Between 1990 and 2007, the reigning Republican theory of health-care reform was that instead of handing the health-care system over to the government, they would put private insurers and personal responsibility at the core of their health-care reforms. During this period, everyone from Bob Dole to Jim DeMint to the Heritage Foundation endorsed this approach. But then Democrats, looking for a compromise, endorsed those same plans. And then Republicans, rather than pocketing the policy win, ran from their own ideas.

But insofar as the Republican Party had a plan for health-care reform, the individual mandate was it. That’s why Mitt Romney, Newt Gingrich, Tim Pawlenty, and Jon Huntsman either passed, endorsed, or expressed openness to an individual mandate. And that’s why Romney hasn’t paid for his plan: Almost every other serious candidate for the Republican nomination supported an individual mandate, too. It’s hard for Gingrich to take a clear shot at Romney for proposing what Gingrich called “the most exciting development” in health-care reform.
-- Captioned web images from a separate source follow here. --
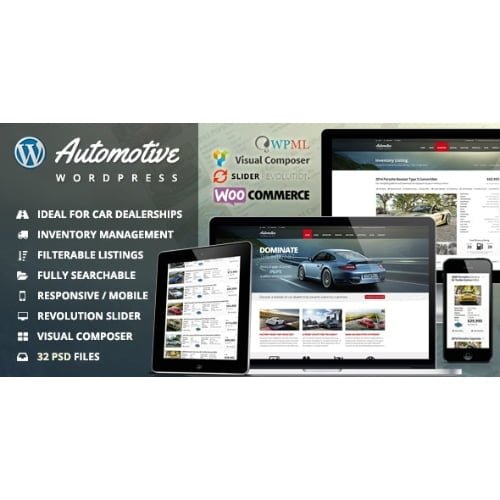 Automotive Car Dealership Business WordPress Theme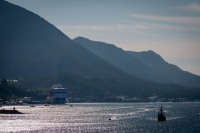 View from Sapphire Princess nearing Ketchikan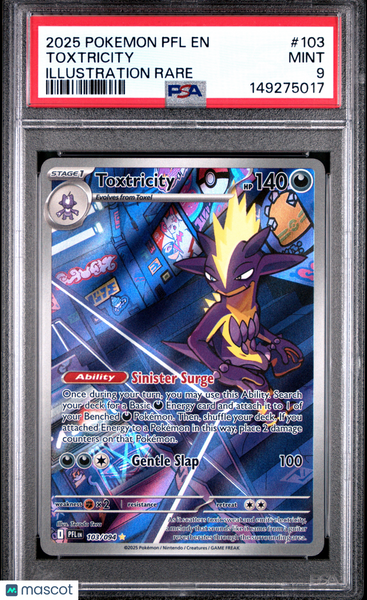 2025 Pokemon PFL EN-Phantasmal Flames Toxtricity Illustration Rare PSA 9 #103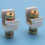 Speaker Post Snap-in Banana  Jack - White, 10Pcs 9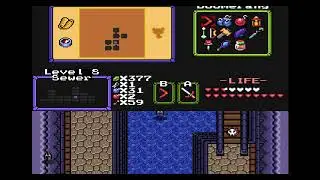 Zelda Classic &rarr; Tower of Courage: 29 - Level 8, Temple of the Stars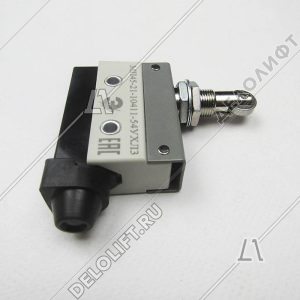 Микропереключатель, МП45-21-10411-54УХЛ3, толкатель с роликом, 1НО-1НЗ, однополюсной/перекидной контакт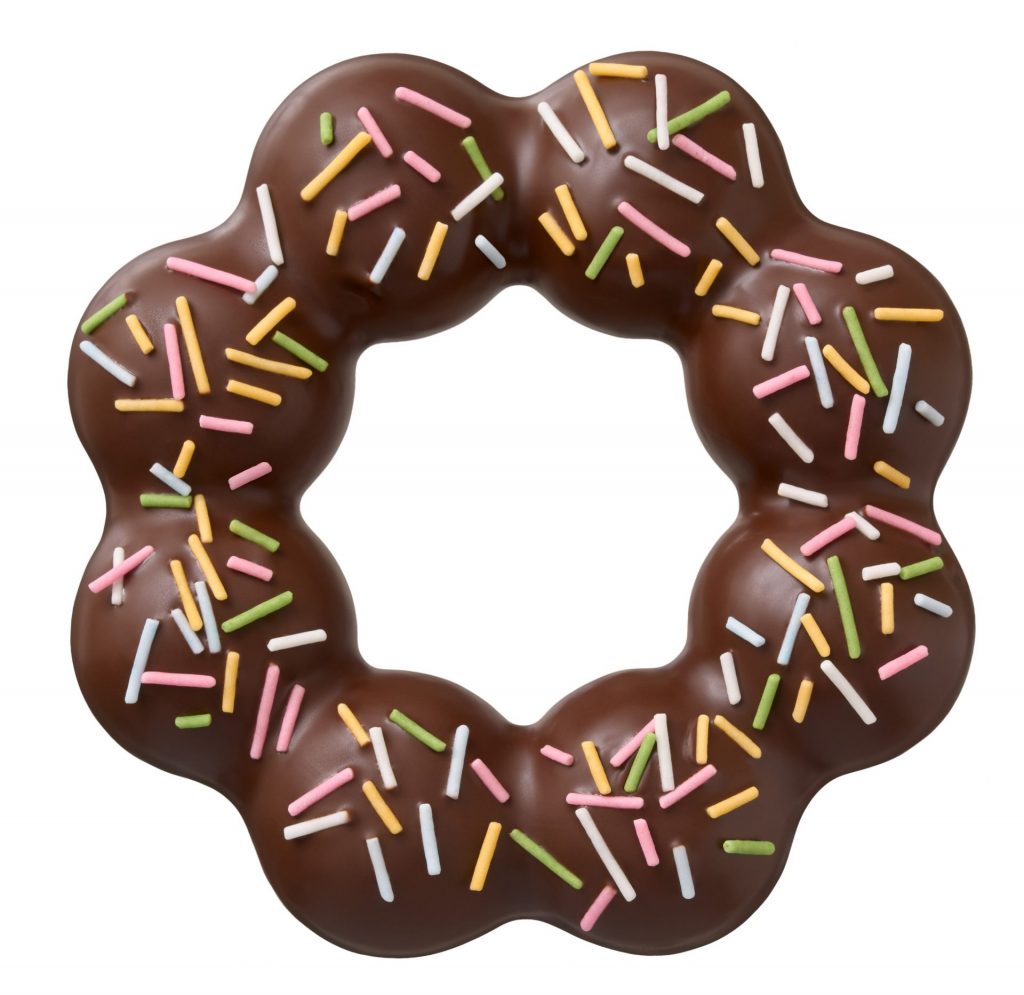 ポン・デ・リース チョコ（テイクアウト　194円、イートイン　198円）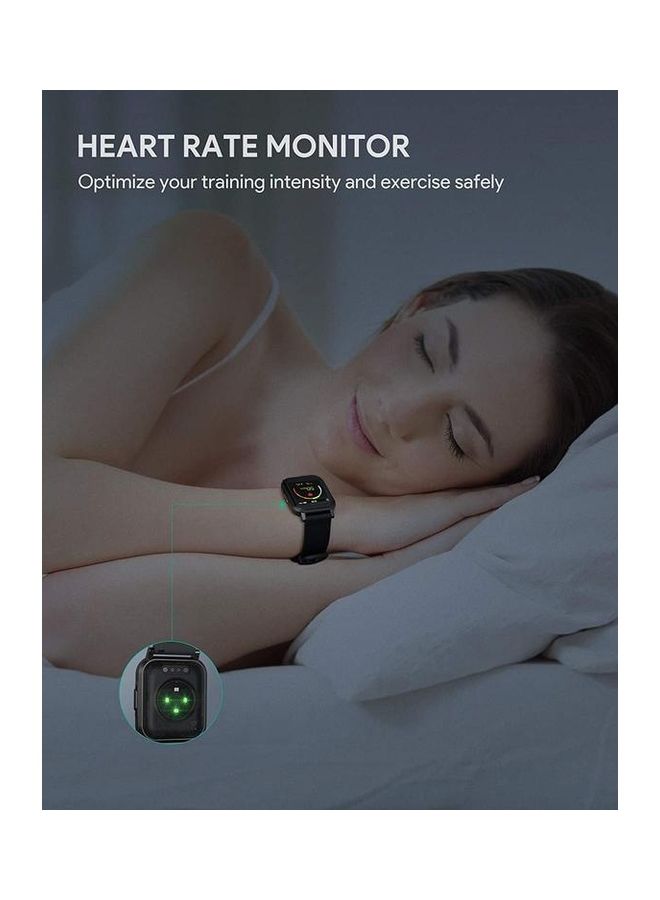 Aukey - Smartwatch Fitness Tracker 12 Activity Modes, IPX6 Waterproof, Battery Life Up to 20 days Black - Image 1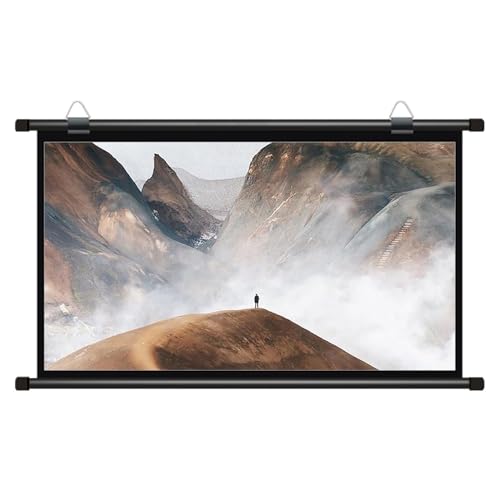 Pantalla manual de proyección 72 pulgadas 16:9 miniatura 1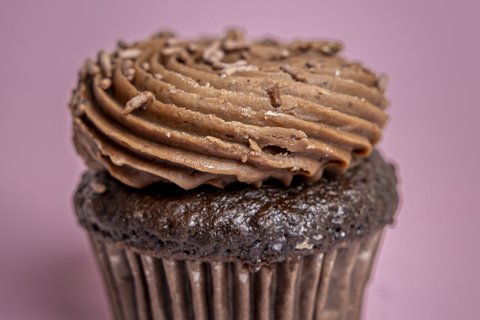 Fresh Handmade Belgian Chocolate Cupcake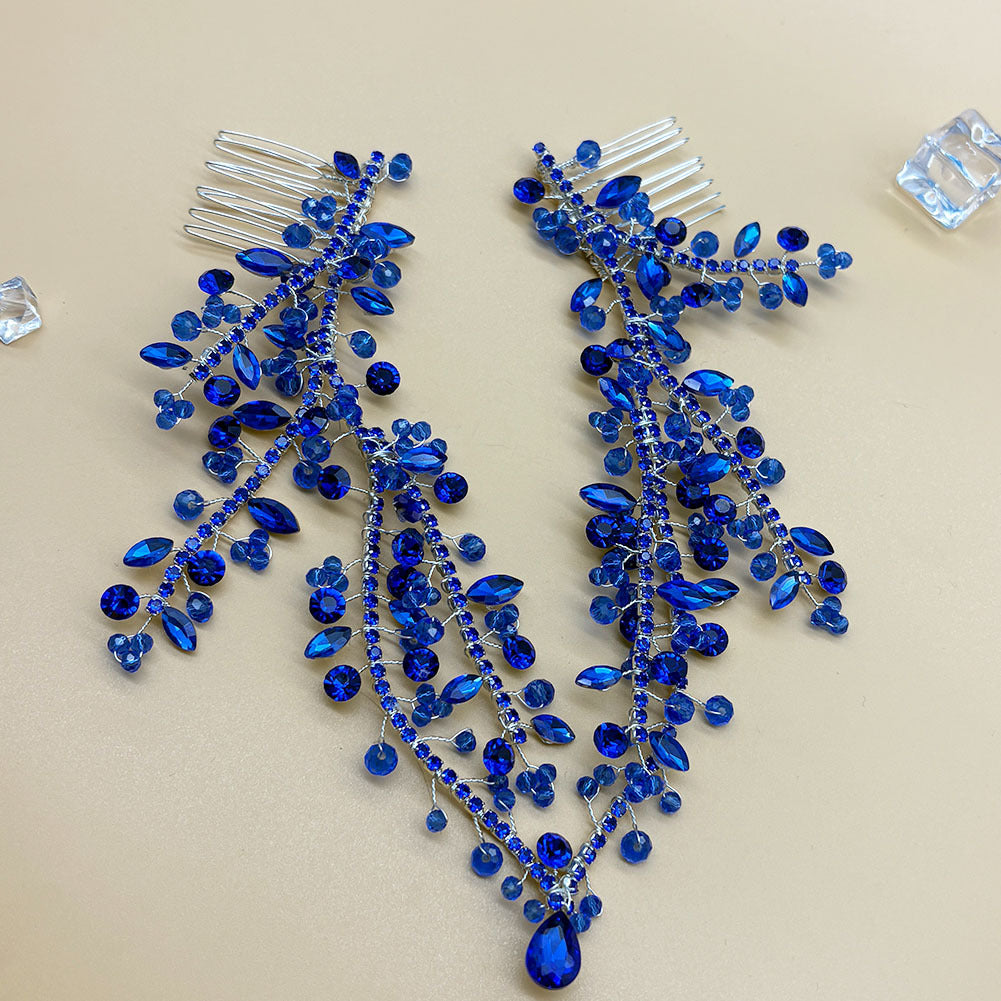 Handmade rhinestone forehead chain floral hair accessory
Double comb jeweled headpiece for women
Sparkling floral hair clip with rhinestones
Elegant forehead ornament in multiple colors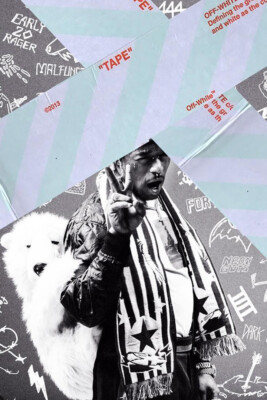 Lil Uzi Vert Luv is Rage 2 Art Wall Indoor Room Outdoor Lil Uzi Vert Luv is Rage 2 Art Wall Indoor Room Outdoor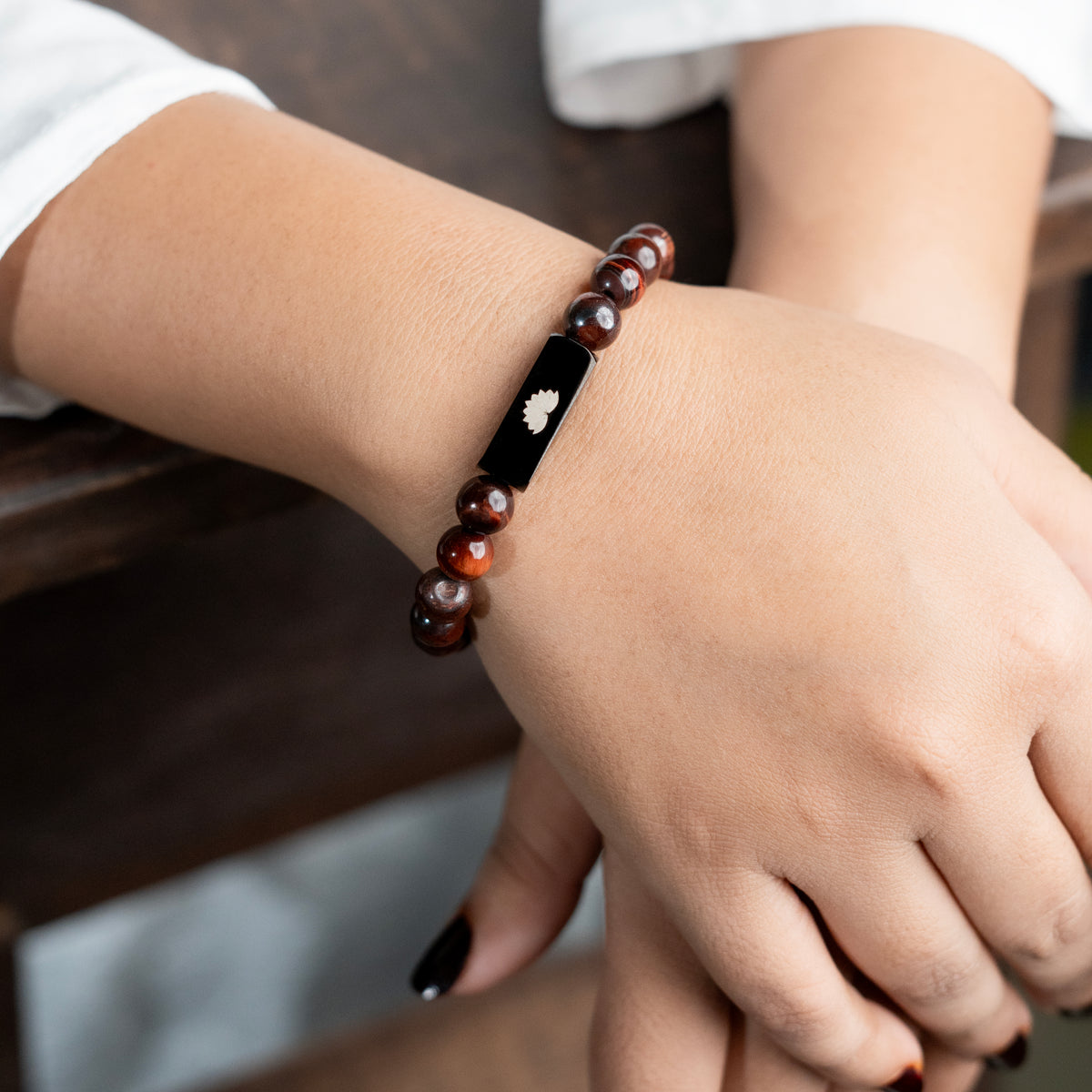Crimson Gaze Tiger Eye Bracelet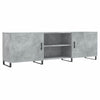 Betoninharmaa TV-taso 150x30x50 cm teknisestä puusta
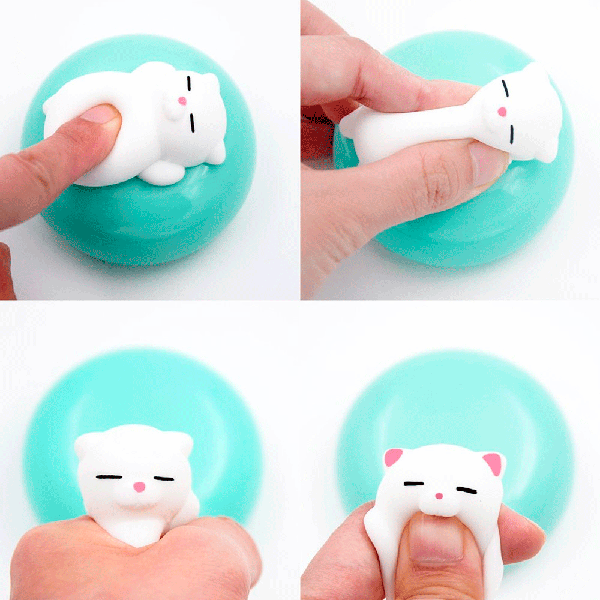 Jouet spongieux pour chat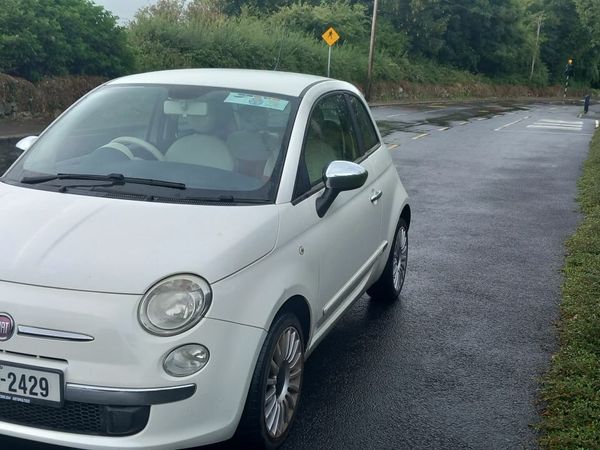 Fiat 500 Hatchback, Petrol, 2010, White
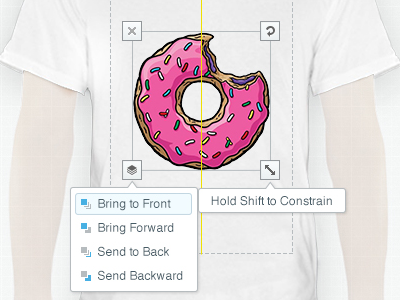 ooShirts Layer Controls canvas donut dropdown layers t shirt tooltip ui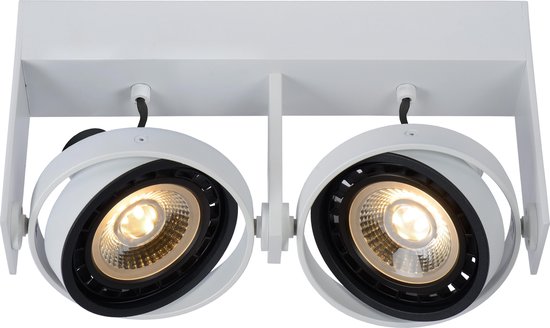 Lucide DORIAN - Spot plafond - LED Dim to warm - GU10 - 1x12W 2200K/3000K -  Noir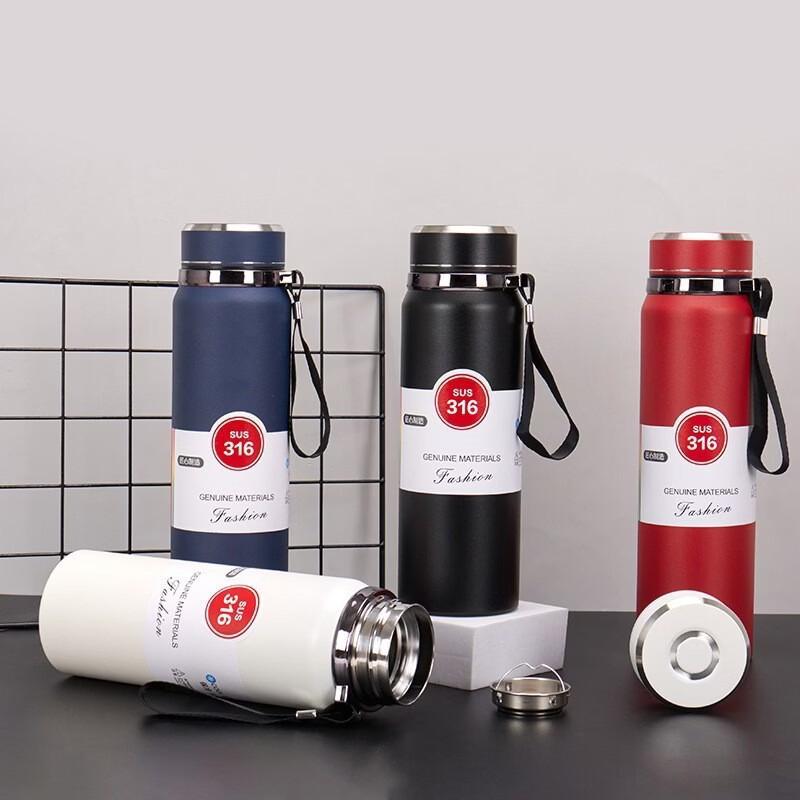 Shangqi Large Capacity Insulated Tea Thermos with Carrying Rope
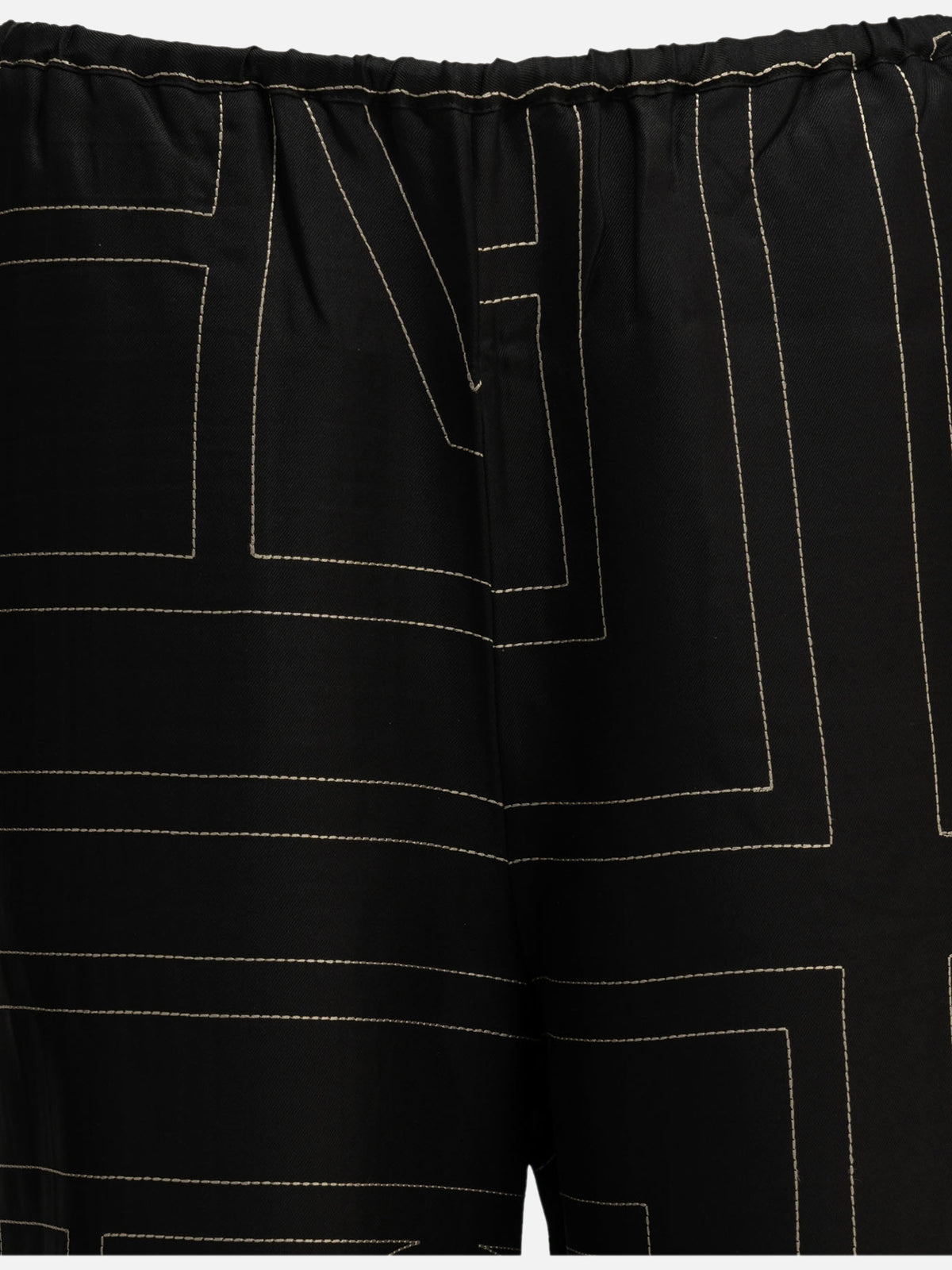 Toteme "Monogram" Casual Pants Black - VIETTI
It’s also why the Republican Party can’t figure out an alternative to the Affordable Care Act. The Affordable Care Act was their alternative. Now they need an alternative to the alternative. But there are only so many policy approaches that make sense as an answer to our health-care problems. And Republicans have pretty much run out of them.

http://www.washingtonpost.com/blogs/ezra...N5YKP_blog.html

here is newt supporting it as early as may of 2009

http://www.theatlantic.com/politics/arch...ay-2009/252233/

Last edited by Dapper_Don; 03/26/12 08:33 PM.